Добавить в цитаты Настройки чтения

Страница 26 из 77



Да, эти сопящие звуки, что некоторое время уже вызывали у пигалика беспокойство, эти опущенные ресницы и поплывшие влагой глаза, которые повергли его в озноб… искривившиеся губы на оскаленной харе — все вместе это означало…

— Зачем вы плачете? — спросил Буян с дрожью в голосе.

Золотинка не дала ему ответа. И это так огорчило пигалика, что он, не зная способа исправить содеянное, робко тронул девушку за руку и пожал.

— Простите, — прошептал пигалик.

— Я вовсе не плачу, — слезно вздохнула Золотинка. — Я вспомнила эту несчастную… как вы говорите, красавицу… Разве ее нельзя извинить?

— Нельзя, — тихо промолвил пигалик.

Рука ускользнула.
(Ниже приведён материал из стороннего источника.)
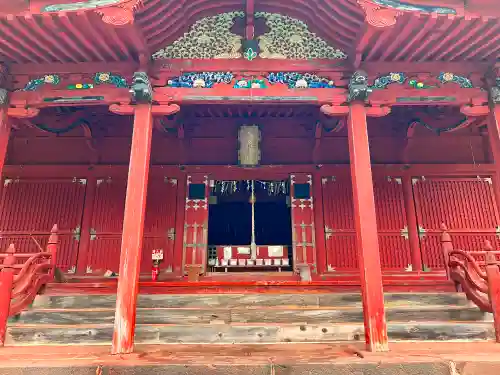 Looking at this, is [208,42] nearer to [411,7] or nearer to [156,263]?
[411,7]

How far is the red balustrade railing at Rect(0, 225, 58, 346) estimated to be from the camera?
5.73m

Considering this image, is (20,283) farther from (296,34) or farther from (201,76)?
(296,34)

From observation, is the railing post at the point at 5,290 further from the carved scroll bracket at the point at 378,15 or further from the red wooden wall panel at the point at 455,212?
the red wooden wall panel at the point at 455,212

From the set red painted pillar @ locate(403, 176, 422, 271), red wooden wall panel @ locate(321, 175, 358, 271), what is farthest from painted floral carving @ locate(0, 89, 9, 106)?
red painted pillar @ locate(403, 176, 422, 271)

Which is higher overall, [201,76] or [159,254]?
[201,76]

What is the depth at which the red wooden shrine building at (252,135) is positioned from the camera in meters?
6.00

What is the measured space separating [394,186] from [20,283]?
792 centimetres

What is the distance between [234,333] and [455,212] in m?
6.36

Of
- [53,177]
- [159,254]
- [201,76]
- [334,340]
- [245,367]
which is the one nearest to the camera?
[245,367]

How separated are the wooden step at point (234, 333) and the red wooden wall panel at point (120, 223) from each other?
325 cm

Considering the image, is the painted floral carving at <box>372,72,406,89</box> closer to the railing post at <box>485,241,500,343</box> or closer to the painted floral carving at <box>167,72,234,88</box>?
the painted floral carving at <box>167,72,234,88</box>

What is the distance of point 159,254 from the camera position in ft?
29.7

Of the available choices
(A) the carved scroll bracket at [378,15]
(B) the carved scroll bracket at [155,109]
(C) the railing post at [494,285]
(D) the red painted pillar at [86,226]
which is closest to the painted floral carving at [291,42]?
(A) the carved scroll bracket at [378,15]

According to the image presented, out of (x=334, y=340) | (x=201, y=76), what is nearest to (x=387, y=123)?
(x=201, y=76) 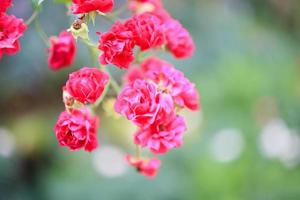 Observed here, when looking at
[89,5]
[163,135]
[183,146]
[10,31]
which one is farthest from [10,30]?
[183,146]

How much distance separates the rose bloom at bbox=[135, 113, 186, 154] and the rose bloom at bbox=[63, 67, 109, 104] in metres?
0.07

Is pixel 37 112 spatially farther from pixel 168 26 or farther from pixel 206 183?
pixel 168 26

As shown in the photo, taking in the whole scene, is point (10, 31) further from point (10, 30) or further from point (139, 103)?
point (139, 103)

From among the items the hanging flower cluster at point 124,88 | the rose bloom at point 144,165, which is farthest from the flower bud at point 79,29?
the rose bloom at point 144,165

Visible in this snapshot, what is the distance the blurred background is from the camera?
192 cm

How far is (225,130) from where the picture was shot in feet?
6.84

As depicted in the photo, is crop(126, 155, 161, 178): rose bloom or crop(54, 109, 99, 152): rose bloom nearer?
crop(54, 109, 99, 152): rose bloom

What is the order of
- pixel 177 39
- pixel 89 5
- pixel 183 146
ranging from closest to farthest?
1. pixel 89 5
2. pixel 177 39
3. pixel 183 146

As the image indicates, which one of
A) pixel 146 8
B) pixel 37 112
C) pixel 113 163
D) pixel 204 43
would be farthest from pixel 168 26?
pixel 204 43

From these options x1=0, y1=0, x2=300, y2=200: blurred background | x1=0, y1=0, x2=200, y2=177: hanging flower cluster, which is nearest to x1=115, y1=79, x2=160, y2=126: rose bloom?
x1=0, y1=0, x2=200, y2=177: hanging flower cluster

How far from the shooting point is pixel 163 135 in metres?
0.72

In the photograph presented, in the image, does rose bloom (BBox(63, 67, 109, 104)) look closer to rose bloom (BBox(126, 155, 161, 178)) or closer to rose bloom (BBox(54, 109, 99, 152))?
rose bloom (BBox(54, 109, 99, 152))

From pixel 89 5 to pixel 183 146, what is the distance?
54.1 inches

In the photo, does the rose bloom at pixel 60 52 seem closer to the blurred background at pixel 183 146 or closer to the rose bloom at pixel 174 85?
the rose bloom at pixel 174 85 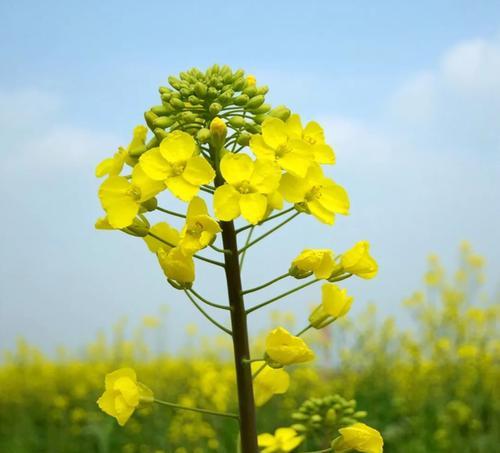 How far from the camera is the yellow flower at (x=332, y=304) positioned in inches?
104

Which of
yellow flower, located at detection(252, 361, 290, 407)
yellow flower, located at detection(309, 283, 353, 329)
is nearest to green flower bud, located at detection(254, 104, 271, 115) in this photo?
yellow flower, located at detection(309, 283, 353, 329)

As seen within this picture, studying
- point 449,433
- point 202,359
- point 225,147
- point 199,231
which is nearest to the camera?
point 199,231

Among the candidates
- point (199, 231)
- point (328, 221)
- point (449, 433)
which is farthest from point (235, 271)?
point (449, 433)

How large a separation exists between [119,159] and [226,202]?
0.60 m

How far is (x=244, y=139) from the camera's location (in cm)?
255

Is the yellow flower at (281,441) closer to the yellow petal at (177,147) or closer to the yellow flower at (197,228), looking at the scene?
the yellow flower at (197,228)

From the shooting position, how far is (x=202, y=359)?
1185 cm

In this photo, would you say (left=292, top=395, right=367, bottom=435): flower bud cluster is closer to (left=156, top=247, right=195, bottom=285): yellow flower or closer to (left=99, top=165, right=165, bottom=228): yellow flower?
(left=156, top=247, right=195, bottom=285): yellow flower

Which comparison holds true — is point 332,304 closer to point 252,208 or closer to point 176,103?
point 252,208

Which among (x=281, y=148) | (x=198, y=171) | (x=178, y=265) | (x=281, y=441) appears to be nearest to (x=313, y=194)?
(x=281, y=148)

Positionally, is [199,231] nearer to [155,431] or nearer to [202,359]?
[155,431]

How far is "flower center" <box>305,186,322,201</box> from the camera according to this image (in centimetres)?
258

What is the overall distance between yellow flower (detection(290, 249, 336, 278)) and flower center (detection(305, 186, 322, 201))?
178 millimetres

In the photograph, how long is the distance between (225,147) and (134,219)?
39cm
Расстроенный и пристыженный, Буян не набрался духу удерживать девушку. Затуманенный взор его выражал собой скорбный вопрос.

— Прощайте, — сказала Золотинка, отворачиваясь.

Толпы пришли в движение, следуя за Герминой, которая ухватила царя Лепеля за вихры и, склонивши долу, тащила пред государевы очи. Золотинка поспешила смешаться с гомонящим народом.

— Великий государь Юлий и великая государыня Нута! — кричала Гермина вздорным голосом. — Рассудите нас! Прошу милости!

Шагов за десять до гульбища, где восседали в окружении ближних вельмож молодожены, Гермина остановилась и, поклонившись сама, пригнула за вихры Лепеля, который повиновался, жалобно стеная.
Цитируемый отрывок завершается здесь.